→ **Items listed in a dataset**:

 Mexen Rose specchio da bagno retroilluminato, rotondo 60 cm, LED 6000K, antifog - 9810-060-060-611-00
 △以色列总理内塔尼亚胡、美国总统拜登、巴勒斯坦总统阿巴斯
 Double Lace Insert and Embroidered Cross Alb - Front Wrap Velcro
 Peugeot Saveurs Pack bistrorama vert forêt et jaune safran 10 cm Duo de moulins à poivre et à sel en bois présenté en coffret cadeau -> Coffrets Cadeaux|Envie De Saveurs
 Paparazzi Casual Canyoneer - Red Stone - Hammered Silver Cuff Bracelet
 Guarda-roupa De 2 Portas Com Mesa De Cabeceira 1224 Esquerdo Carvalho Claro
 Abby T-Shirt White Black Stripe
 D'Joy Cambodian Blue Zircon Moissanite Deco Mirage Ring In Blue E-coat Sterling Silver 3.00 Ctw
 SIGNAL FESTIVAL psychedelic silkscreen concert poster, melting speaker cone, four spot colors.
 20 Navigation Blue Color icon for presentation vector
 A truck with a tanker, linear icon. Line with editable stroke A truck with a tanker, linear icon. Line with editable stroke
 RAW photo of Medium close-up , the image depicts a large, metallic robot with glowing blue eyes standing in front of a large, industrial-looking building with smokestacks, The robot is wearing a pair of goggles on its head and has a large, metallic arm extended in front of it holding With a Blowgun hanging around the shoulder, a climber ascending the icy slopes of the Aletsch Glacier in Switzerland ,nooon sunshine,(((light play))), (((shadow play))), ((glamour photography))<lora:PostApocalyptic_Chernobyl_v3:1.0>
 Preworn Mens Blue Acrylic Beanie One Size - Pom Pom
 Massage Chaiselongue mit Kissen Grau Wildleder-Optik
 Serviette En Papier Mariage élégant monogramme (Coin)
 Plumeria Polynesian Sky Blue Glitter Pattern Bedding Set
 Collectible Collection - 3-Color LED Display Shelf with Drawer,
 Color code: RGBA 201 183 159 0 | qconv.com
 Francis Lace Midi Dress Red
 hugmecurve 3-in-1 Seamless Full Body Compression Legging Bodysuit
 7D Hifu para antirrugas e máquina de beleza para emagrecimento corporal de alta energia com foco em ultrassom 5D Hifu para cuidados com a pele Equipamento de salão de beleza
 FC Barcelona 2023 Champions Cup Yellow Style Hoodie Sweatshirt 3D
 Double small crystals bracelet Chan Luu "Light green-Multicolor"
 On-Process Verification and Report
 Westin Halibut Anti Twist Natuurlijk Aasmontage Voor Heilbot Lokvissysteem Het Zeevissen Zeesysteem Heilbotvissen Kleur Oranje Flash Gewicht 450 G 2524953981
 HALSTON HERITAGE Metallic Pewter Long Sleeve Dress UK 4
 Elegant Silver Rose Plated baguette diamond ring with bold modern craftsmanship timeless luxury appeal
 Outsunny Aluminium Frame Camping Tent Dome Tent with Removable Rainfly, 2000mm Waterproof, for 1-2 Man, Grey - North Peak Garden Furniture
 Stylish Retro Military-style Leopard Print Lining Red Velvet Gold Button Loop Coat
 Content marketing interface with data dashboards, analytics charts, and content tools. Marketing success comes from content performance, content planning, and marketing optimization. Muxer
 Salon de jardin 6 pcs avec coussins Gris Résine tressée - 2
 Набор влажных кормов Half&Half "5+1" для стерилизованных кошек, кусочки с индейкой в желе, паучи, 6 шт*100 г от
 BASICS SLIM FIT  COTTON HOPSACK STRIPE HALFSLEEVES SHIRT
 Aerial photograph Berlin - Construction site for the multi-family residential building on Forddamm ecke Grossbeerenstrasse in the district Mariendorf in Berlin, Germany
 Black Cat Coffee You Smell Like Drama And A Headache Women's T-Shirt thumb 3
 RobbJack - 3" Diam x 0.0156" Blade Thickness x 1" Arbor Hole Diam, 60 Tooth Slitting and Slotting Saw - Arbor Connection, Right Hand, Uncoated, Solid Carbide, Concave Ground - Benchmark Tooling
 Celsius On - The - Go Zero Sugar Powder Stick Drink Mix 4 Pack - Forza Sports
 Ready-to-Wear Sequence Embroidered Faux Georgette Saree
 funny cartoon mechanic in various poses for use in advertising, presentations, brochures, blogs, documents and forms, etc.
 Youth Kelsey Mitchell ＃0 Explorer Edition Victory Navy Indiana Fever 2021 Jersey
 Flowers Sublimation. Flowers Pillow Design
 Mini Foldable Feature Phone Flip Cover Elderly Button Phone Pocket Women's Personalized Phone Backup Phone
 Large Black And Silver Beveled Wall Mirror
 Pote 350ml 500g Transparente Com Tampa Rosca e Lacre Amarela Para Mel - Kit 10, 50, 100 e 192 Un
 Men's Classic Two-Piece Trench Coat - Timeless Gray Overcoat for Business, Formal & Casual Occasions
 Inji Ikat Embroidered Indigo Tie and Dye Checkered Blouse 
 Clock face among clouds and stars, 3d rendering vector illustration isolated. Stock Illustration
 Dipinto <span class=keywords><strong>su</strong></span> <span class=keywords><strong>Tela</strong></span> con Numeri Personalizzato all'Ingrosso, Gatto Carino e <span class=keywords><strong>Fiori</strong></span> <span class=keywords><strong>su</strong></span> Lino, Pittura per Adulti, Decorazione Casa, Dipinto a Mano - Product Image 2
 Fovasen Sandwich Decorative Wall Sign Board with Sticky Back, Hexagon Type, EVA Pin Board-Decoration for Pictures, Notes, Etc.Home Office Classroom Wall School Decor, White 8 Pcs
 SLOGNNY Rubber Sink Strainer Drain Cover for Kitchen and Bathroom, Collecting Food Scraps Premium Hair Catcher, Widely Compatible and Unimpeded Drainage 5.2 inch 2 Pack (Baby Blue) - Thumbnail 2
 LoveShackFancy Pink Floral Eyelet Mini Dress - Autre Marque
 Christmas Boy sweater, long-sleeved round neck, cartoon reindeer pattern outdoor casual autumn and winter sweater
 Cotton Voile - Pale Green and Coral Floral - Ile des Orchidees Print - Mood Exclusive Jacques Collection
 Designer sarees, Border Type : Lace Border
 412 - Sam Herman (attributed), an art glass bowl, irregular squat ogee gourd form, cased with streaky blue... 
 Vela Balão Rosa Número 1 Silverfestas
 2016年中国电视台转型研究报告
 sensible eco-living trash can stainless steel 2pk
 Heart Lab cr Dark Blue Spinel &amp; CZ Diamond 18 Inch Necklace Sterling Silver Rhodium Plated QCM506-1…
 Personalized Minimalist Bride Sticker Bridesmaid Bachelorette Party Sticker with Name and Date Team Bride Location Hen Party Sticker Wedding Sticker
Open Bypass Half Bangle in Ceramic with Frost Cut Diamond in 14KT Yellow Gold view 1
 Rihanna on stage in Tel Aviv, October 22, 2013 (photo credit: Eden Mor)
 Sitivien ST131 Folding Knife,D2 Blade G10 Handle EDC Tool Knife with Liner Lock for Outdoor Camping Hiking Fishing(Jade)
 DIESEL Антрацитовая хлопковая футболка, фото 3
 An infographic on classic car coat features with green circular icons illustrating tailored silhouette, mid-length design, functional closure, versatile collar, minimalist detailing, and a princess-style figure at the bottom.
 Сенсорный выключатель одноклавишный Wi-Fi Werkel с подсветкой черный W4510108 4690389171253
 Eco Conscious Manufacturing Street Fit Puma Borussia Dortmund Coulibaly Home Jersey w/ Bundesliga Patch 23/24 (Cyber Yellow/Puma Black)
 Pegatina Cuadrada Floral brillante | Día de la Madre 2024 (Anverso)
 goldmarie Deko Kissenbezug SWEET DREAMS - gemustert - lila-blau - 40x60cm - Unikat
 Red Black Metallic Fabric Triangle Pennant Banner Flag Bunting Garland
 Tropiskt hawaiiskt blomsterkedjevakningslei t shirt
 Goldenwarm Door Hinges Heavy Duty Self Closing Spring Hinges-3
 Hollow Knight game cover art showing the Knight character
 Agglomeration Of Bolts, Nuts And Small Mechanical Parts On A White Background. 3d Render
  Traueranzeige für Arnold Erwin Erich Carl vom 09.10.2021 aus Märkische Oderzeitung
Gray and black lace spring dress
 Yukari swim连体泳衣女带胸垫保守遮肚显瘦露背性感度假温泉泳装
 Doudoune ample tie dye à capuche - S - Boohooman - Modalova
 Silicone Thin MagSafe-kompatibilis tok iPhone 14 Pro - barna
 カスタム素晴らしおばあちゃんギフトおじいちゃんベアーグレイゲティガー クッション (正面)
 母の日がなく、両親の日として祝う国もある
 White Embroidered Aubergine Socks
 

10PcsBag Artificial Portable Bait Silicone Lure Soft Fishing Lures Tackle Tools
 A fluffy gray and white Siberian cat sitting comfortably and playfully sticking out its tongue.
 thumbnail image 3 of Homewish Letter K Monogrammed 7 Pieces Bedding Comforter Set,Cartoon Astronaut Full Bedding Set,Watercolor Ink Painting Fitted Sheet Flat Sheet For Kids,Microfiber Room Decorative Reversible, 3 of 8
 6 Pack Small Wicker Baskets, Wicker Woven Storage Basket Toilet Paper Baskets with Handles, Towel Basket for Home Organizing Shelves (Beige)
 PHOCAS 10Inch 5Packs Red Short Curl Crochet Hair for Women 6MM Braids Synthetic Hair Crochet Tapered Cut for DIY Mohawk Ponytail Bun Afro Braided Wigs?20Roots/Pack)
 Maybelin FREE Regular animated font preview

→ **Work order**: Each line of the data above that contains the word "Bedding" counts once; report the total and add nothing.

→ **The answer**: 2